Голос, тембр, музыка. Не этими ли словами открывается безответный вопрос ЗАТАКТА, невпопад временящей синкопы? Синкопа: даже воспринятая не субъективно, она может преподноситься нам в разных формах. И, для начала, снова Гегель, коли вместе с ним мы концептуально подхватываем начало только в конце и — со смертью и через смерть — в рождении: затакте, который упраздняет тогда непосредственность времени и, возможно, в меланхолии предельного удовлетворения упраздняется также и сам.
ЗАТАКТ: возможно, это иное ожидание возврата назад через оглядку в прошлое, где мерещится некое всегда уже утраченное, поскольку его никогда не было, настоящее.
В заключение вернусь к такому таинственному, такому непроясненному опыту Луи-Рене Дефоре, разве что на крохи которого мне удалось намекнуть. Если у него счастье, несчастье родиться всегда подспудно присутствует в существе, которое в своем развитии полагает, что от него удаляется, так что рождение, продолжаясь без конца, всегда пребывает по ту сторону, то можно полагать, что молчание infans[12] всегда остается прецессией речи, подобно тому как небытие не упраздняется в бытии, даже если и кажется, что они сопрягаются в жутком раскачивании ИМЕЕТСЯ (бытие полагает, что завладевает небытием, но рождение упорствует — Остинато — в своем небытии, так и не выдав тайну).
Воспользовавшись термином, восходящим к древним грекам, но обретшим технический (не очень-то, впрочем, четко очерченный) смысл в XIX веке, я буду понимать опыт (синкопу сбоя) Луи-Рене Дефоре как своего рода анакрузу. У греков, судя по всему, анакруза — простое вступление, проба, к примеру, лиры. В XIX веке ее образцы усложняются: в первом, вступительном, такте уже не слышно ничего — или такой слабый тон, что он, кажется, исчезает и тем самым длится без длительности или дольше, чем длится, так что после него или исходя из него звучная наконец-таки нота разносится подчас поразительным взрывом, столь сильным взрывом или порывом, что ему только и остается спасть — падение — до новой тишины. Тем самым до и после смещают друг друга и не закреплены в определенном месте, причем опытное ухо не слышит в этом никакой неразберихи.

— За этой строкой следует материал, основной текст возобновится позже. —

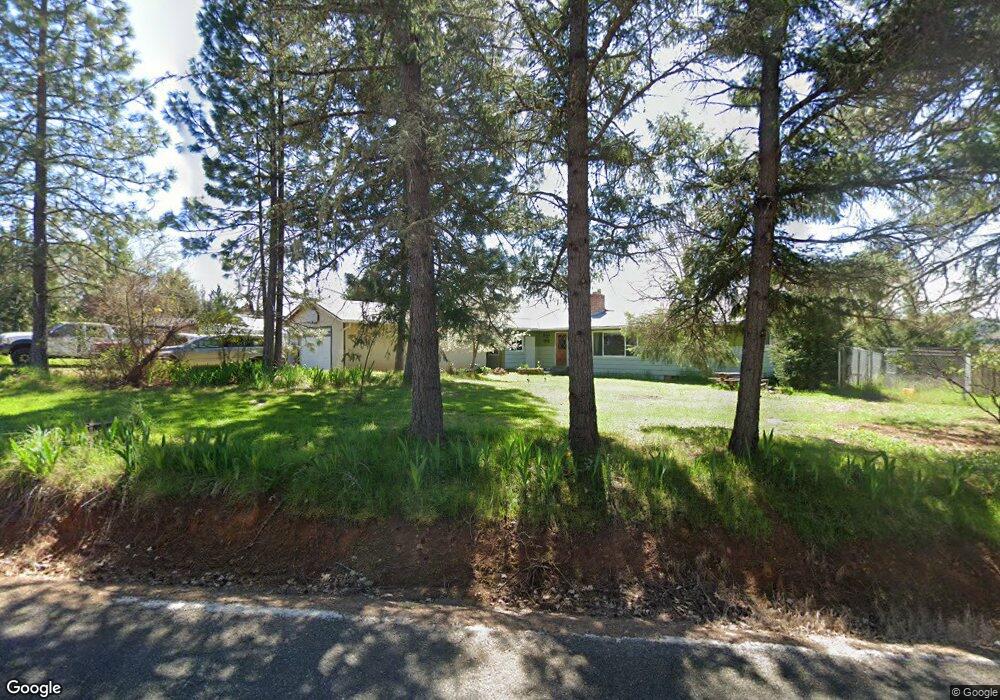 1061 Rainbow Dr, Grants Pass, OR 97526 - photo 1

Так провозвестие первого или конечного детства прошло — в первом такте — через молчание-крик, еще животное и, однако, уже человеческое. Он сохранит эмблему сего первичного молчания (но было ли оно первым? Не было ли в предшествующем небытии — небытии отчизны или родины — молчаливого, самого что ни на есть интимного, самого что ни на есть прикровенного сообщения?), молчания, на которое ОБРЕЧЕН и которое в невозможном вызове ОБРЯЩЕТ. Молчания, которое, в согласии с музыкой, необъяснимым образом готово прерваться здесь возвышенным порывом хорового голоса, столь прекрасного (но это уже не красота), что вокруг него вновь воцаряется тишина, дабы только и был слышен его головокружительный подъем; такого, стало быть, молчания, в которое он впадает так полно, что тщетно было бы, отклоняясь в отчаянном воспоминании назад, надеяться его когда-либо вновь обрести[13].
Отсюда, возможно, «обезумевшая» пытка появления, прелюдией к которой было исчезновение. Затакт, коему будет тщетно подражать искусность подголоска.